As though Liberia’s education system has not had enough of an image problem, Education Minister George Werner’s silence and inaction on the plight of 25 Liberian scholarship students deserted in Cairo, Egypt may likely worsen the blot on his and President Ellen Johnson Sirleaf’s legacy in education.
The President of the Liberian Student Union in Cairo, Egypt, Mr. Mohammed A. Kiawhen, has called on President Sirleaf to intervene so that he and his colleagues can be transferred to the various universities to pursue and complete their degree courses in Egypt and return to contribute to Liberia’s development.
The scholarships were awarded to the 25 qualified students in 2011 in a bilateral agreement between Liberia and Egypt which stipulates that the students would be admitted to pursue various disciplines in universities in Egypt, including the Al-Azhar University of Cairo to help Liberia’s capacity building needs.
Kiawhen and another student, Mustapha M. Kromah, are presently in Monrovia to plead with the Liberian government to end their worsening situation in Cairo over the past four years by sending a recommendation to the Egyptian authorities stating that they be allowed to pursue their studies at universities in that country.
The two students are also requesting MOE to restore their allowances that were discontinued in 2011, leaving them stranded with no means of support but to engage in menial work and any other means to survive.
Another serious problem for the students is their inability to renew their expired passports in Egypt, since they can only renew their passports in Monrovia. “We are making efforts to meet with Foreign Ministry officials to plead for assistance because we are unable to find money to return to Liberia to get it done,” Kiawhen said.
Quoting a seven page assessment report conducted in Cairo, Egypt by Ms. Robtel Neajai Pailey, then at the Ministry of State for Presidential Affairs, Kiawhen said a written request from the Ministry of Education must be sent to Dr. Ahmed El-Salmawy, Undersecretary, Head of Central Administration for International Students Affairs (Wafedeen) Ministry of Higher Education, Cultural Affairs & Mission in Egypt, recommending that the 25 students be allowed to pursue their chosen courses, including Engineering, Medicine, Accounting, among others at various universities in that country.
Kiawhen said that formal request should have been forwarded in August 2011 from the Government of Liberia through the Ministry of Foreign Affairs for consideration for the 2011-2012 academic year and it is still relevant today to ensure that they are properly transferred to other universities in Cairo. But that request according to Kiawhen was never forwarded to the Egyptian authorities.
The seven-page assessment, done in Egypt, copies of which are with the Daily Observer dealt extensively with the genesis of the scholarship program, initiated by the Inter Ministerial Scholarship Committee which was then chaired by Ms.
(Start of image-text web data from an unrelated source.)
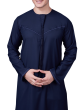 Navy Blue Emirati Embroidery Thobe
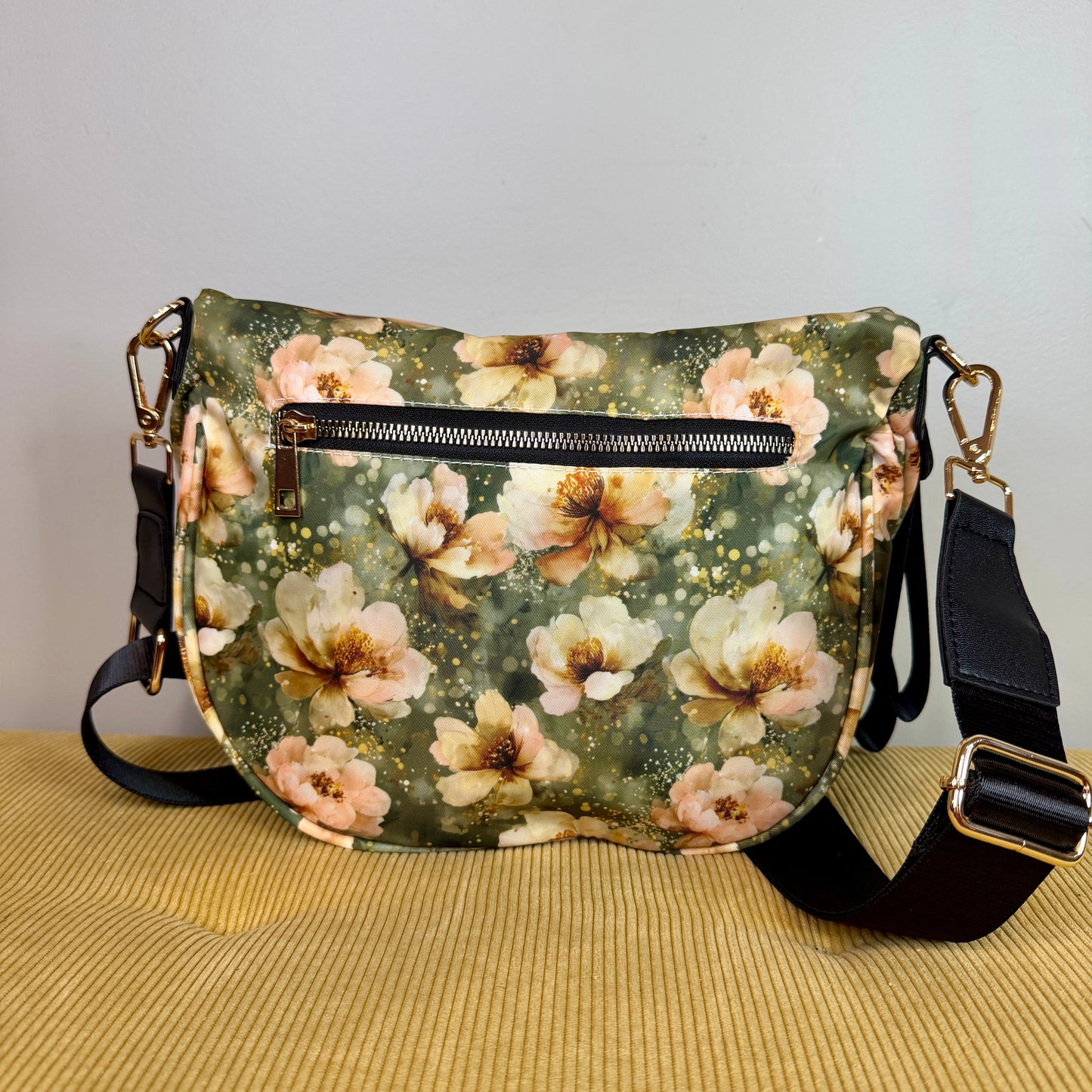 The Roni Nylon Crossbody - Floral Green Magnolia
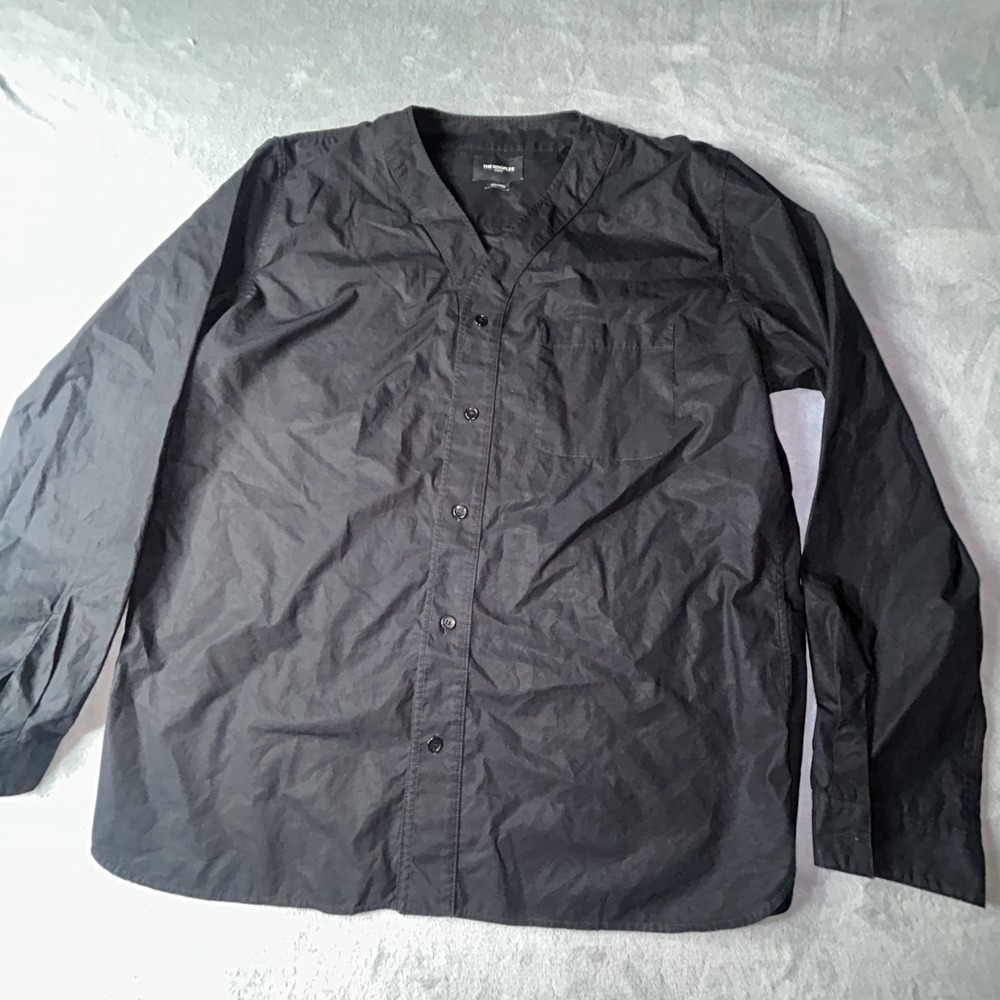 The Kooples Paris Men's Black Button Down Long Sleeve Shirt baseball relax XL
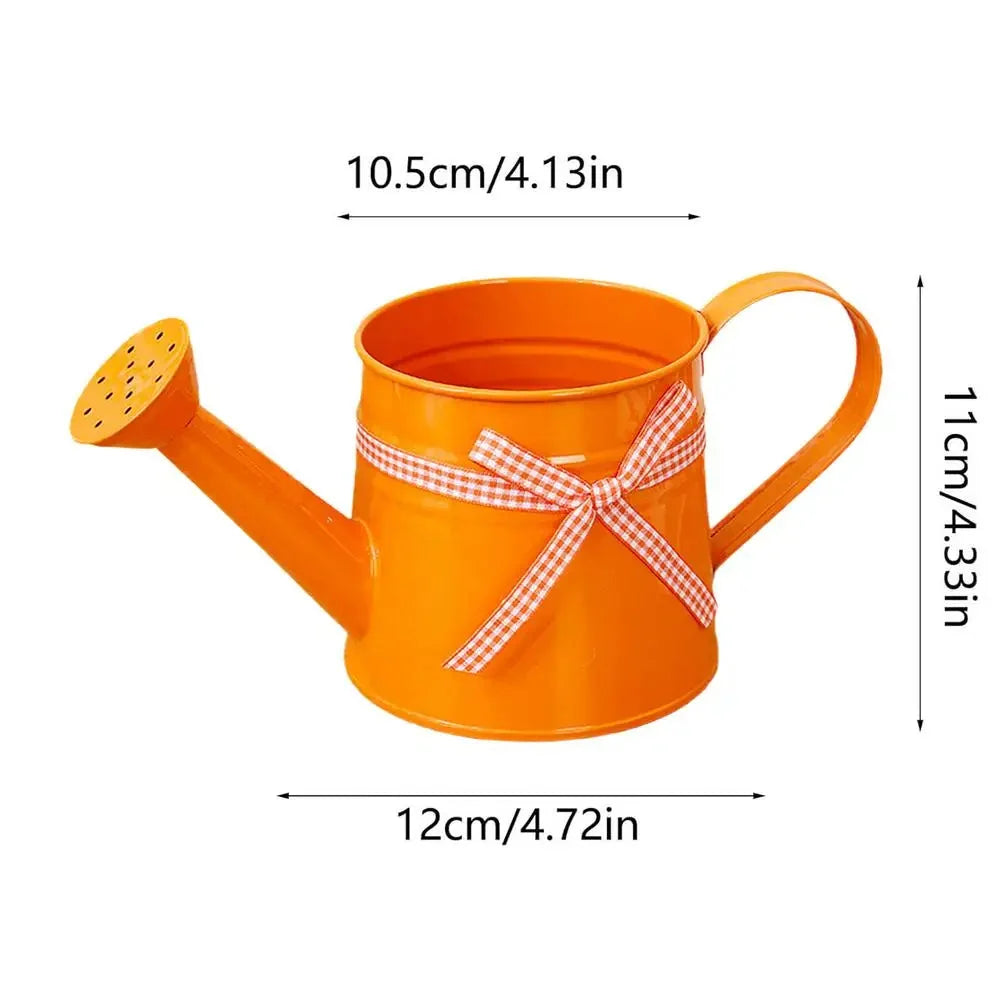 Watering Can | Painted Steel, Perforated Shower Head & Decorative Ribbon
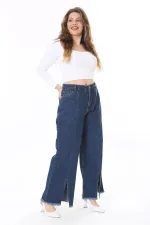 Kadın Büyük Beden Lacivert Yıkama Efektli Kup Ve Yırtmaç Detaylı Kot Pantolon 65N38077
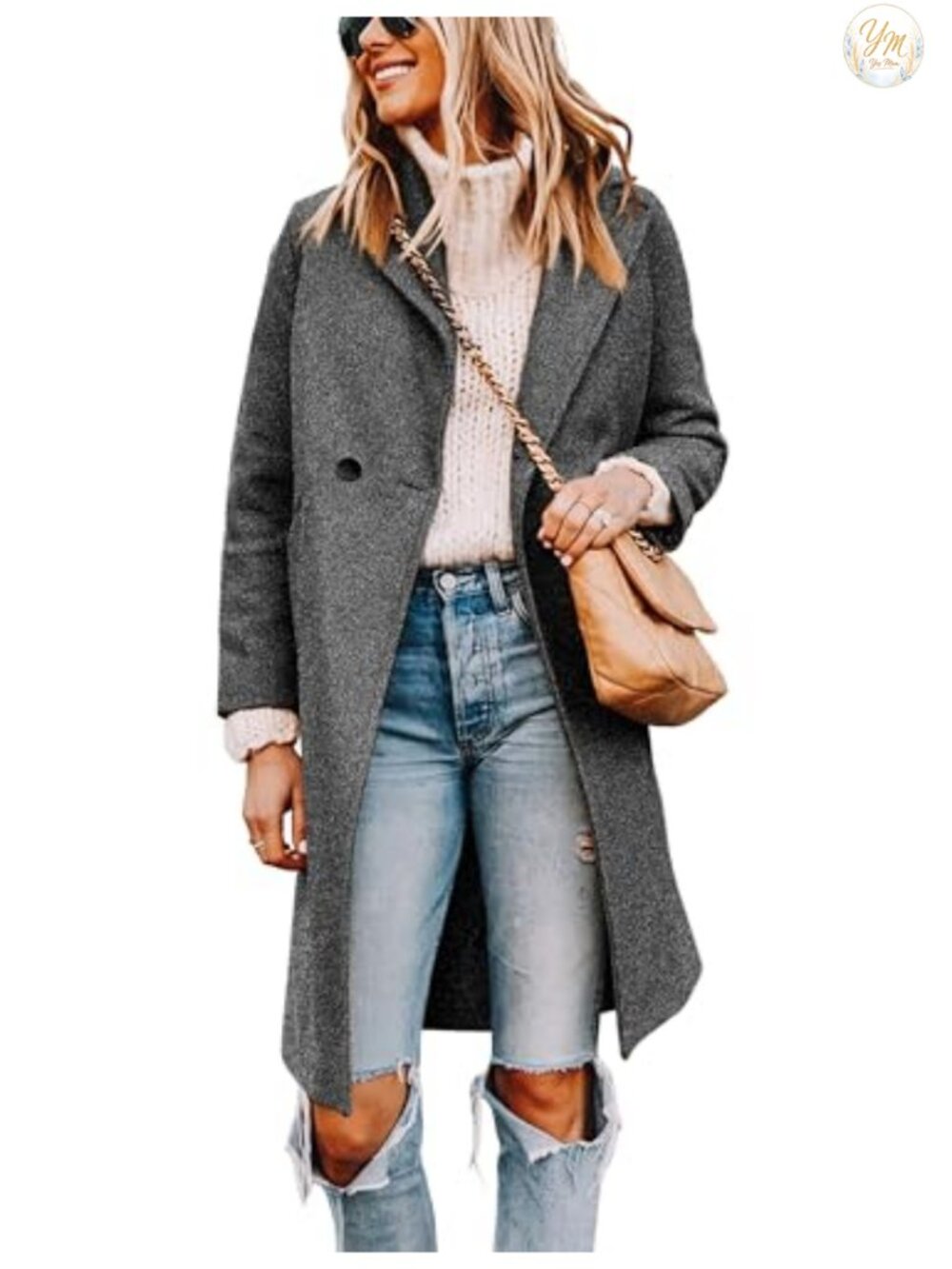 Womens Wool Blend Pea Coat Long Trench Coat Notched Lapel Button Front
Robtel Pailey. Current Education Minister Mr. George Werner later became Director General of the Civil Service Agency (CSA) and chaired the Inter-Ministerial Scholarship Committee.
Kiawhen said after a year of waiting for the formal request from Liberia, the students visited the Liberian Embassy near Cairo and appealed for its intervention.
“Our visit there was misconstrued as an attempt to cause harm to the embassy and we were subsequently arrested and detained by Egyptian police but released after five days when the allegation could not be substantiated,” Kiawhen said.
He explained that though the students have been able to attend the Al-Azhar University which has helped them in their study of Arabic, they are determined to pursue their academic studies in Egypt and therefore the Liberian government should restore their allowances, along with a formal communication to Dr. Ahmed El-Salmawy to open the way for them to transfer to universities in Cairo.
Minister Werner, contrary to recommendations contained in Ms. Robtel Pailey’s assessment report for the Ministry of Education to make a formal written request to the Egyptian authorities authorizing them to provide education for the students, in a reaction letter said the program was evaluated and decisions made in 2013 that the students must return home. “The Egyptian authorities were told to facilitate the process of their return home.” According to the student leader, no tickets were provided for them to return to Liberia and they have remained in Cairo with no consideration from the Liberian Government for the hardships that they are undergoing.